Blowing in the wind

In a writer's world, there are two kinds of readers: pre-publication and post-publication.
To a writer, each of them is vitally important. Without the pre-publication reader, there would be no book to read. And without the post-publication reader, a writer cannot make a living.
As a writer, you hope that you have a lot more post-publication readers than you do pre-publication readers. If you don't, then you probably need to find some new pre-publication readers.
The vast majority of people are post-publication readers. They see a book only in its final form. After it has been polished to perfection and wrapped up in a nice package.
A select few are pre-publication readers. They see a book in its rawest form. Word or .pdf documents of fledgling chapters come to them in their e-mail inbox, sent by insecure writers fishing for guidance or reassurance.
You might think that it would be better to be a post-publication reader than a pre-publication reader. They get only the best that the writer has to offer.
Or do they?
I started wondering about that after receiving an e-mail from one of my pre-production readers commenting on one of the chapters from the book I am currently working on.
Over the past couple of months, I have sent to this particular reader a total of eight chapters. Sometimes, a chapter at a time. Other times, a couple chapters. Or, as I did most recently, all eight chapters as one.
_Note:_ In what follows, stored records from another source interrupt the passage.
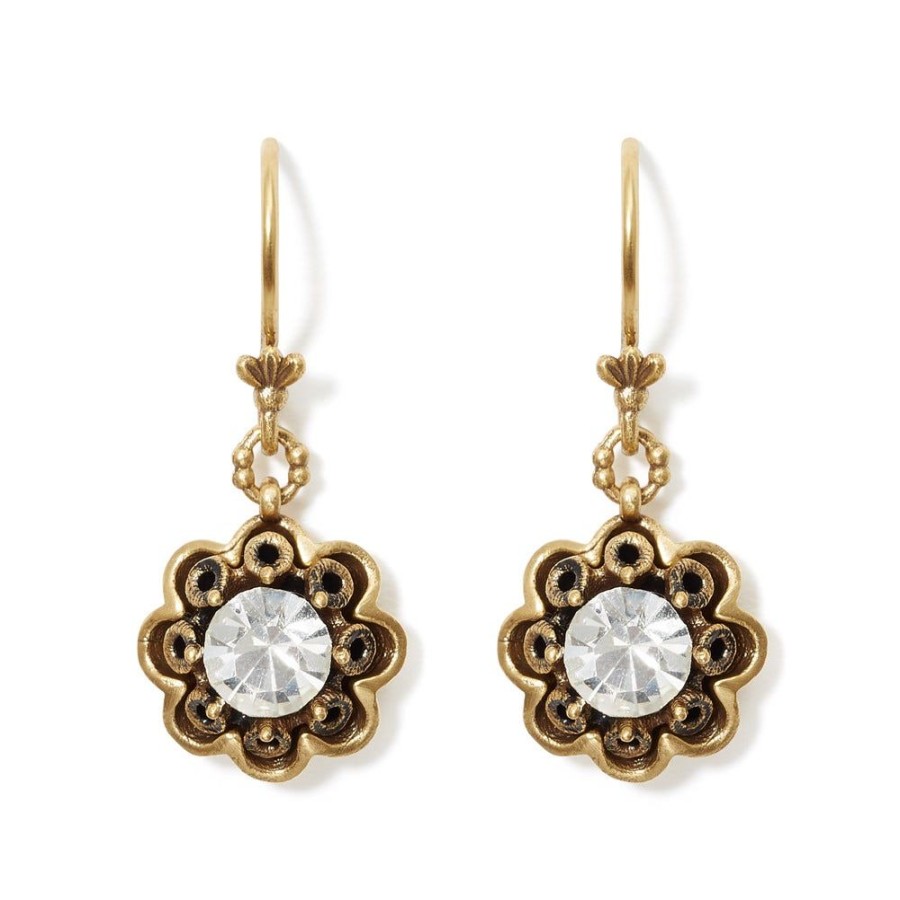 The Metropolitan Museum of Art Crystal Rosette Drop Earrings | Earrings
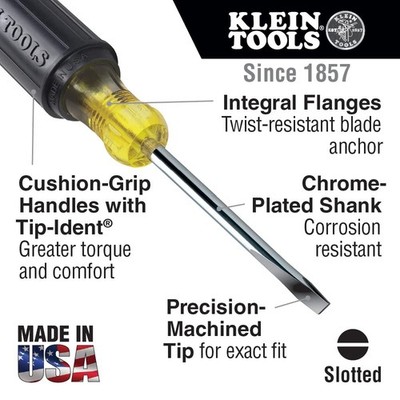 Klein Tools 606 2 1/16'' Keystone Tipp Mini-Schraubendreher 2''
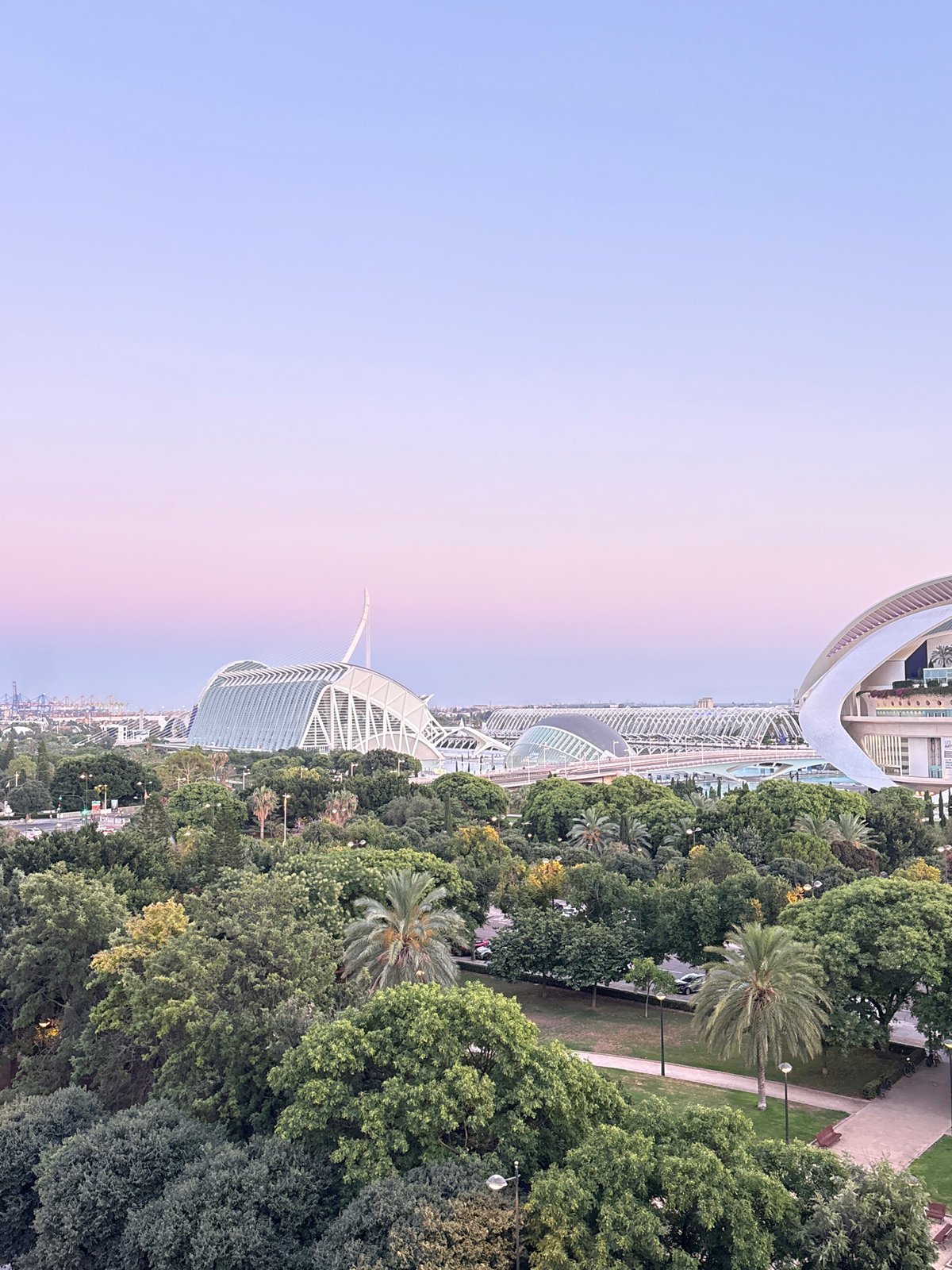 Valencia's City of Arts and Sciences at dusk, multiple angles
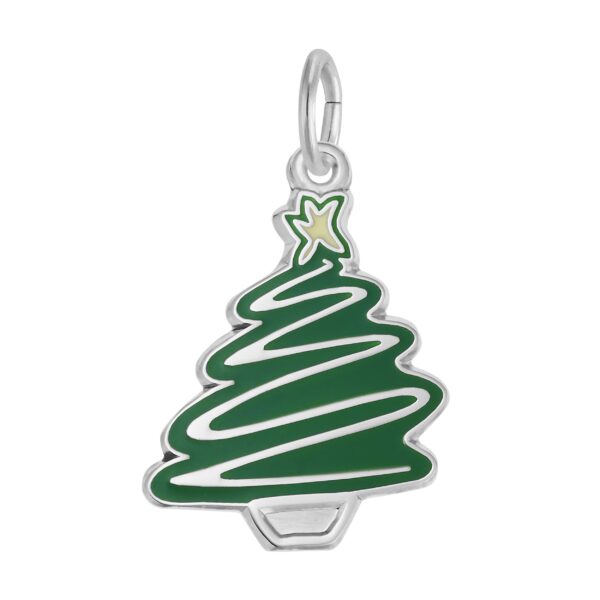 Green Christmas Tree Charm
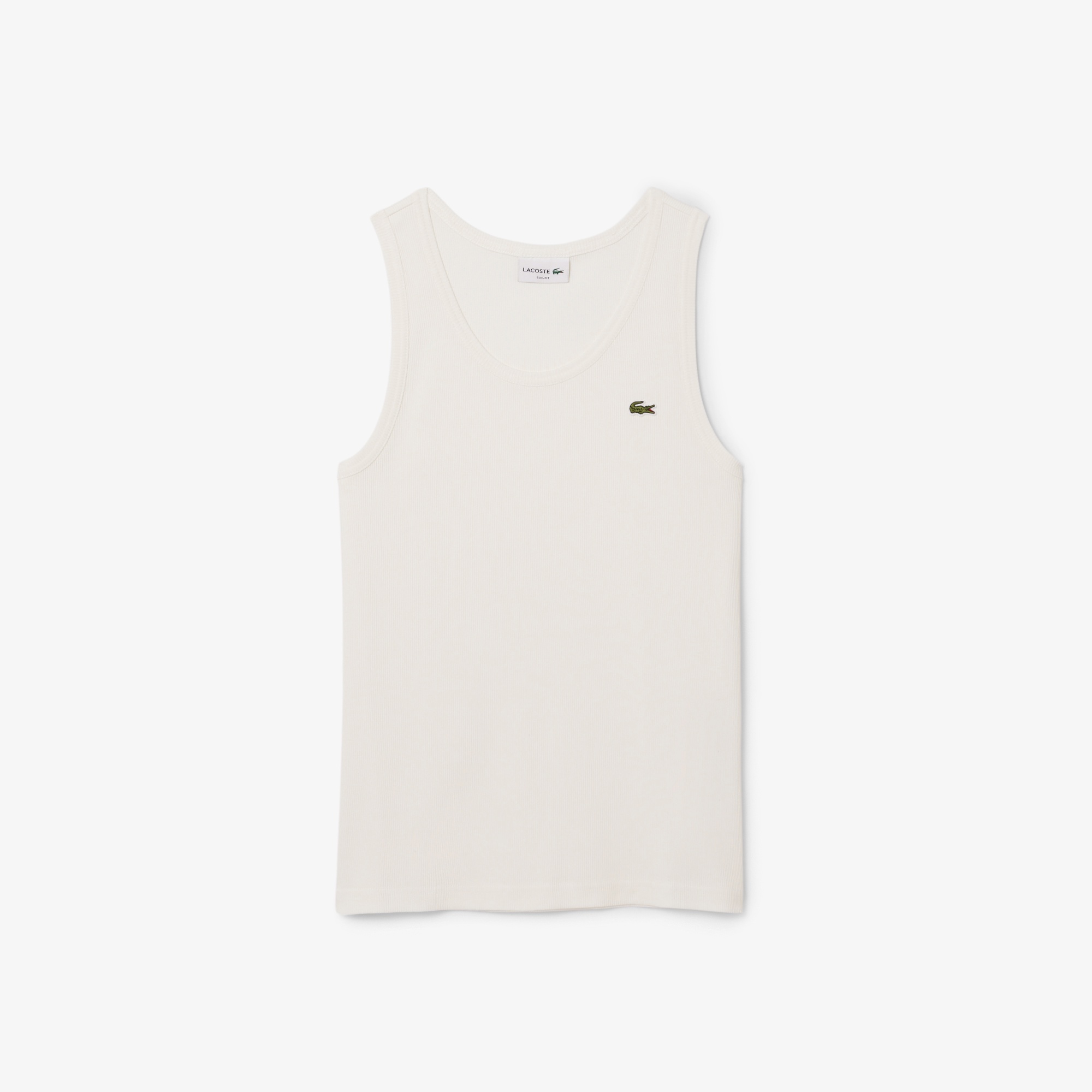 コットンリブニットタンクトップ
The difficulty for him, as a reader, is that each time I send him new material, it almost always means that I've changed something that he's previously read. In most cases, the changes are subtle. But in others, they are more obvious.
You see, the story is always developing, changing, evolving. That's what the post-publication readers never see. They don't see what went into a book. The pre-production reader, in contrast, gets a glimpse into the writer's mind as he is writing.
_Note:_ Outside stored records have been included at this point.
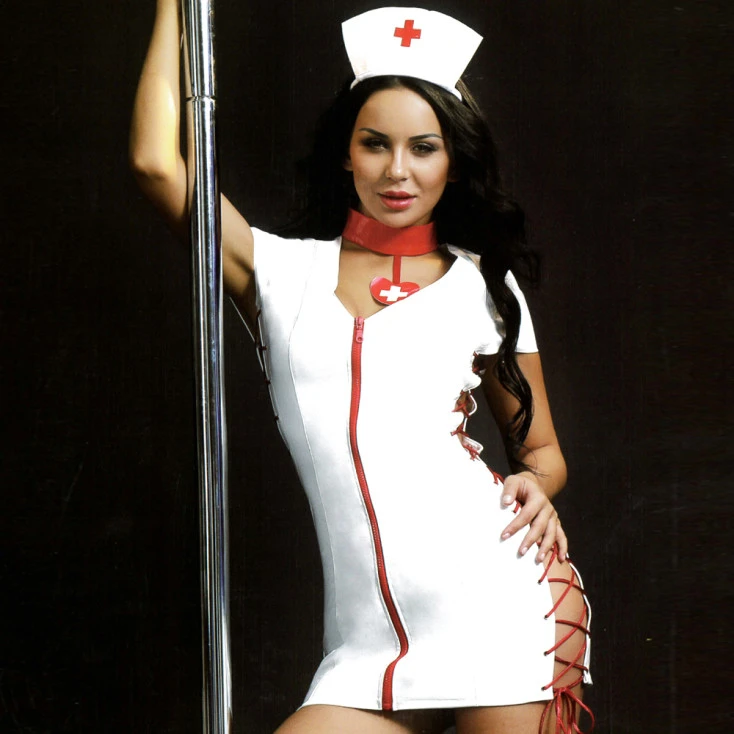 Déguisement Coquin – Tenue D’Infirmière Sexy 1 Déguisement Coquin – Tenue D’Infirmière Sexy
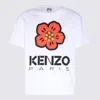 KENZO KENZO WHITE COTTON T-SHIRT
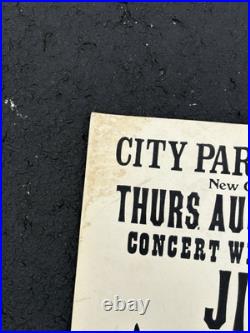 Rare Vintage Jimi Hendrix Experience 1968 Concert Cardstock Boxing Style Poster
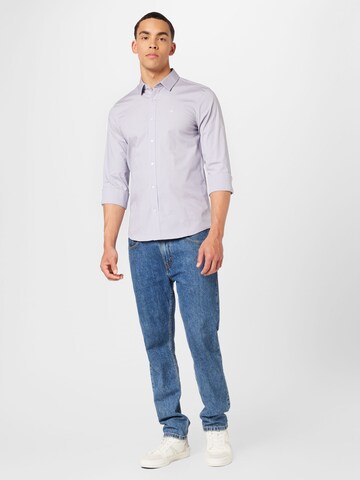 Calvin Klein Slim fit Overhemd in Grijs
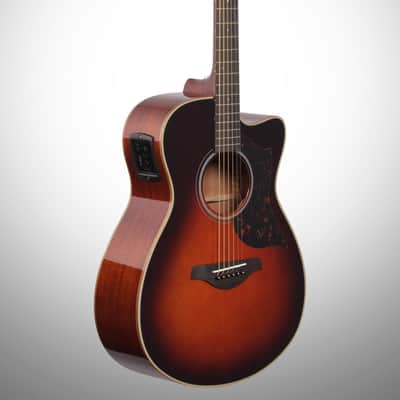 Yamaha AC1M Acoustic-Electric Guitar, Tobacco Brown Sunburst image 3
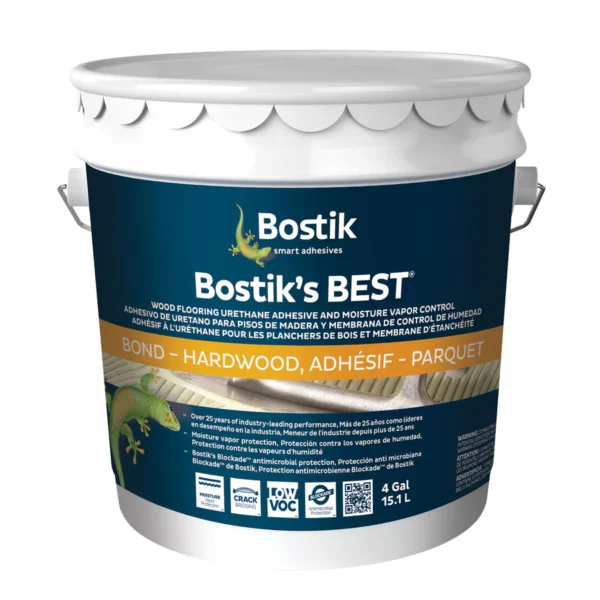 4 Gallon Bostik's Best Wood Flooring Urethane Adhesive and Moisture Vapor Control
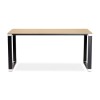 Bureau Warner Naturel Noir L160  OT00560NABL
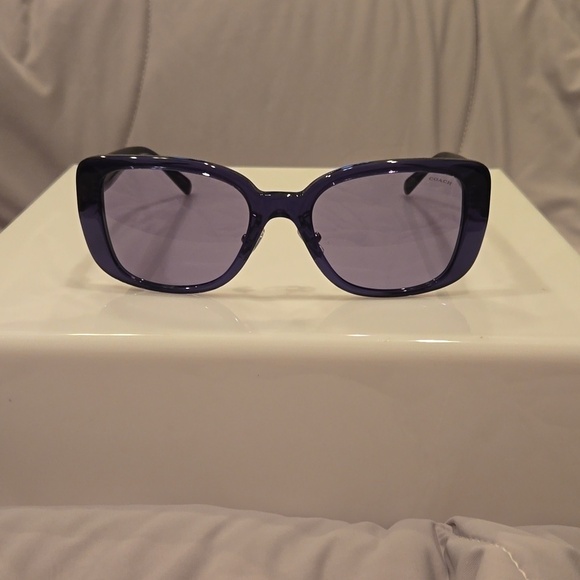 Coach Blue Transparent Sunglasses brand new in case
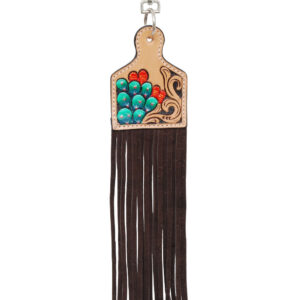 Rafter T Ranch Cactus Ear Tag Saddle Charm- Style #SC101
This past Sunday was a perfect autumn day in Chicago, clear and crisp, blustery winds blowing fallen leaves. The football Bears, clad in bright orange jerseys, turned Soldier Field into a pre-Halloween Monsters of the Midway party. It was the stuff of fiction.
And in a backyard in a southwest suburb of Chicago, the pages of the first eight chapters of my novel-in-progress took to the wind. Fluttering around with the leaves, as a father and his son laughingly chased after them. The pages were all recovered, only to discover that they were unnumbered and could not be pieced back together.
That's the story the reader told me, before he went on to tell me that he'd been disappointed with the initial version of chapter four that I had sent him. He found it to be clunky, overwrought, difficult to read – "cumbersome" was the word he used. Then he goes on to tell the writer how the latest revision of the chapter is, in his words, a "wonderful improvement." The potholes had been paved. The ride was a whole lot smoother. And the writer smiles.
The reader's story of my story being carried away in a gust of wind could serve as a metaphor for my writing. I struggle to maintain control of it. Oftentimes, it seems to get away from me and I find myself chasing after it. When I retrieve it, I try to piece it back together in a way that better reflects what had been in my mind all along. Sometimes, I succeed. Other times, I don't. When I don't, well that's what revisions and pre-production readers are for.
The way to better writing? The answer, my friend, is blowing in the wind.
Reader Comments (1)
But hey. That push, pull struggle is why we do what we do, right?